• Source data
- Opening Delimiter -

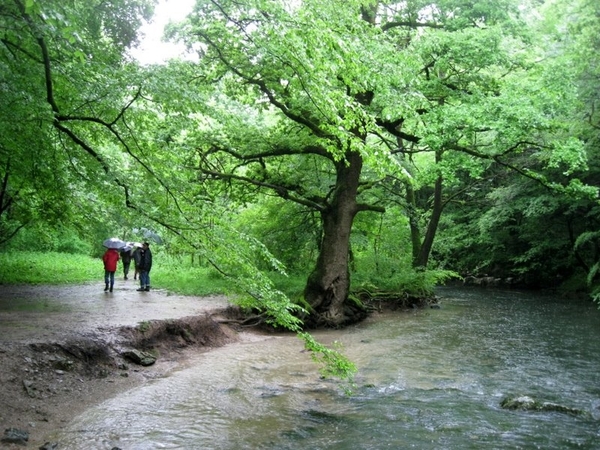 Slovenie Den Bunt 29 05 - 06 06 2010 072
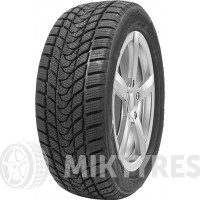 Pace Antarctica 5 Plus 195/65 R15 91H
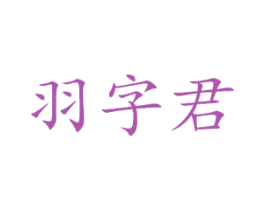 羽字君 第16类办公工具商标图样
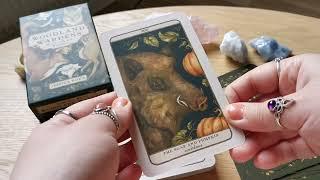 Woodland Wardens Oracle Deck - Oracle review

- Closing Delimiter -
- Opening Delimiter -

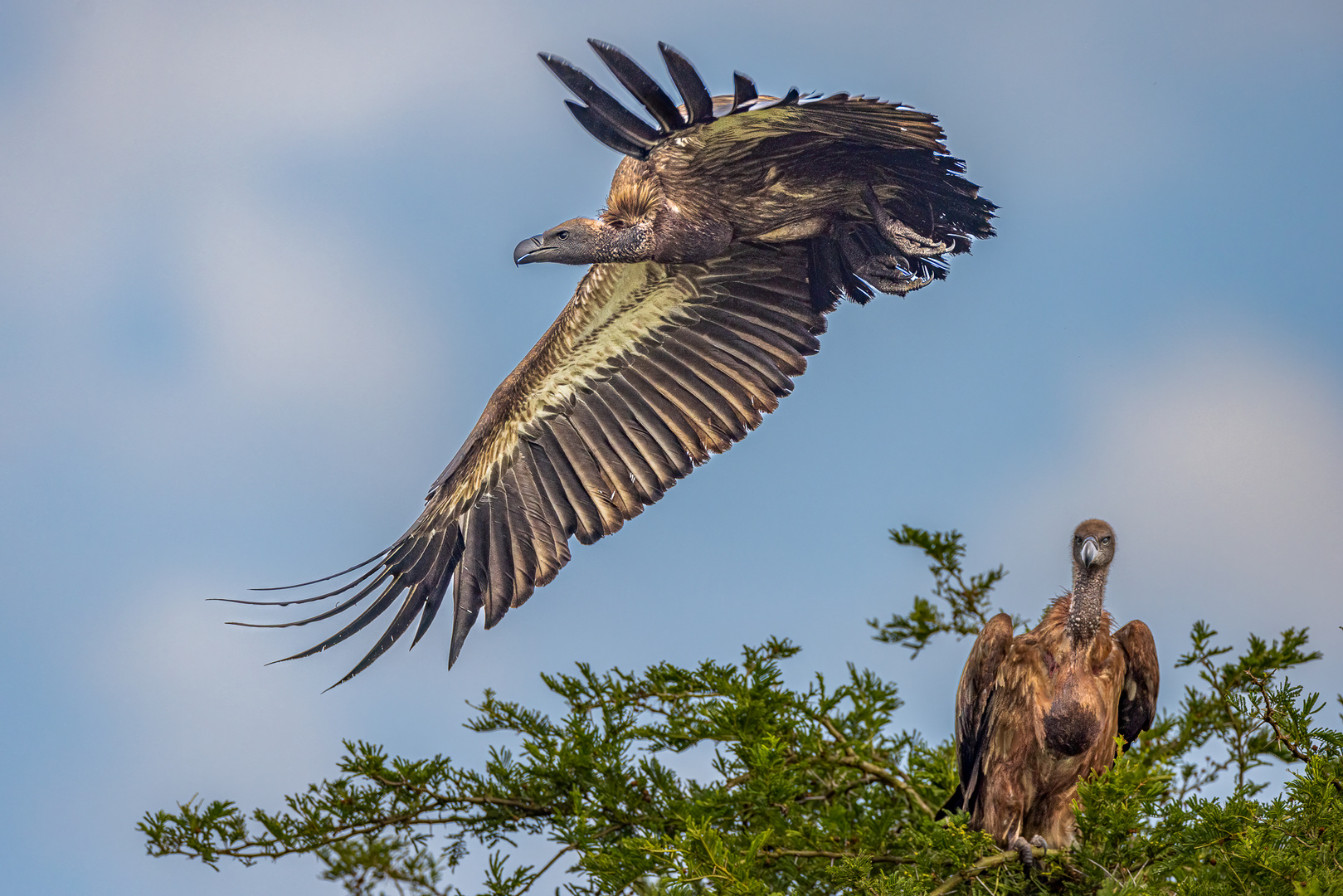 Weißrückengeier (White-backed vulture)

- Closing Delimiter -

Beginning with the line above that contains "Slovenie Den Bunt 29 05 - 06 06 2010 072" and ending with the line that contains "Woodland Wardens Oracle Deck - Oracle review", quote each line exactly, keeping out the pictures.

 Slovenie Den Bunt 29 05 - 06 06 2010 072
 Pace Antarctica 5 Plus 195/65 R15 91H
 羽字君 第16类办公工具商标图样
 Woodland Wardens Oracle Deck - Oracle review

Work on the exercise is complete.